ASSIGNED TASK: Print the data below verbatim, minus images.

GIVEN DATA:
----
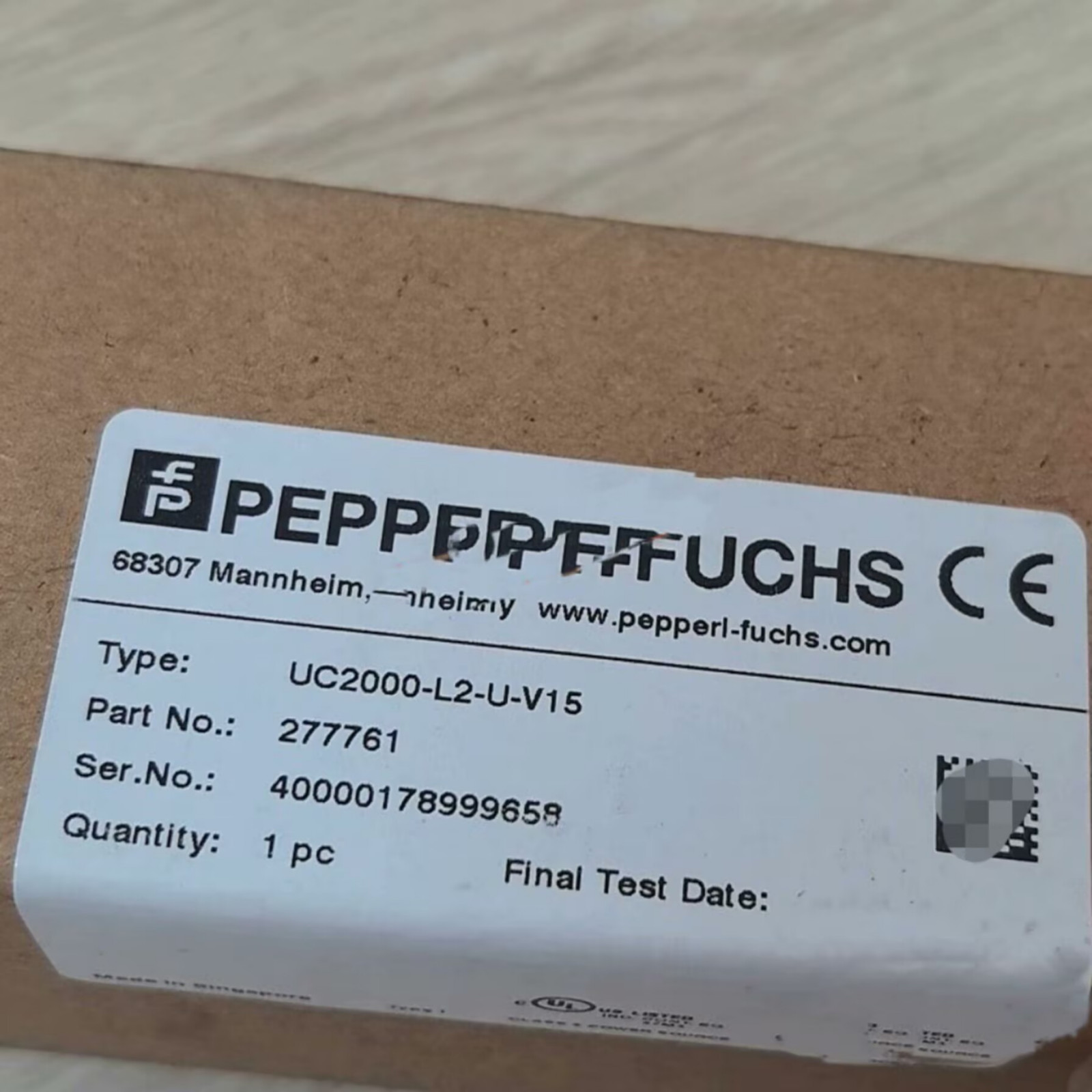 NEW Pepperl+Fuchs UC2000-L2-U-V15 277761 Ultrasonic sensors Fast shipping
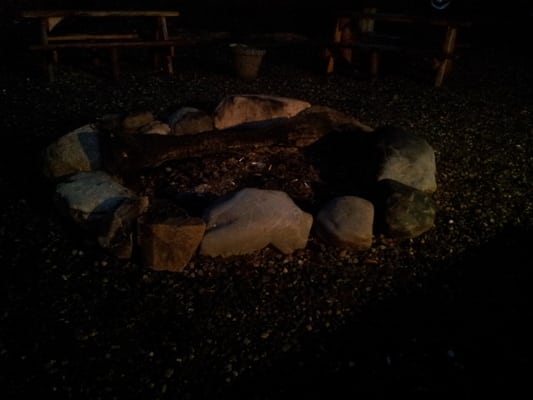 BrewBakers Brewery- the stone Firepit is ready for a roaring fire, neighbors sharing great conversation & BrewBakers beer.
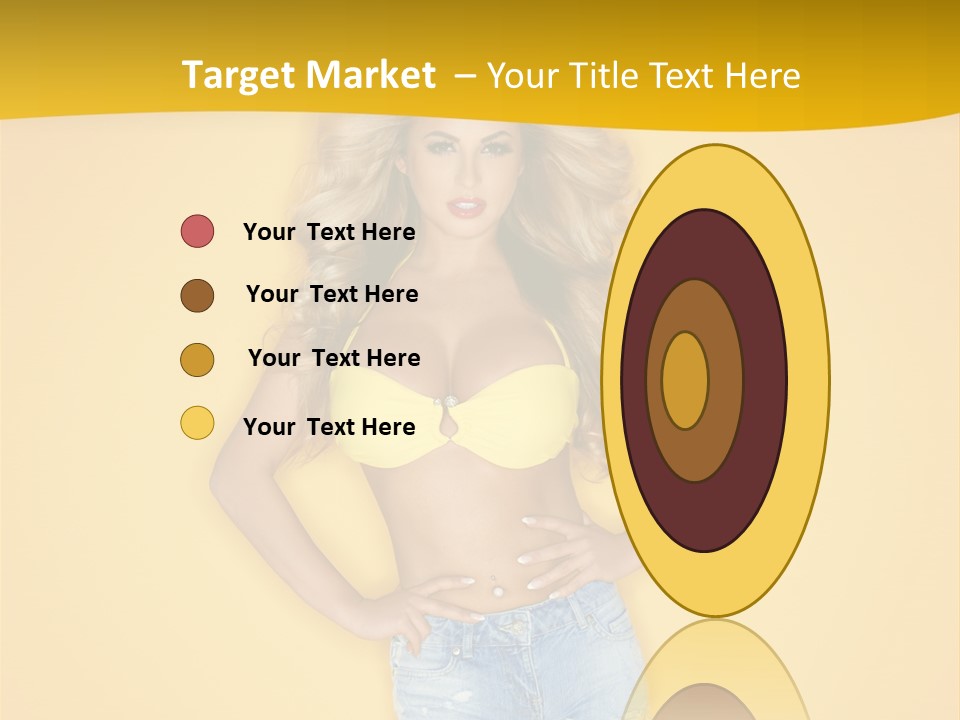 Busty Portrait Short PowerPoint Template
----
COMPLETED TASK:
 NEW Pepperl+Fuchs UC2000-L2-U-V15 277761 Ultrasonic sensors Fast shipping
 BrewBakers Brewery- the stone Firepit is ready for a roaring fire, neighbors sharing great conversation & BrewBakers beer.
 Busty Portrait Short PowerPoint Template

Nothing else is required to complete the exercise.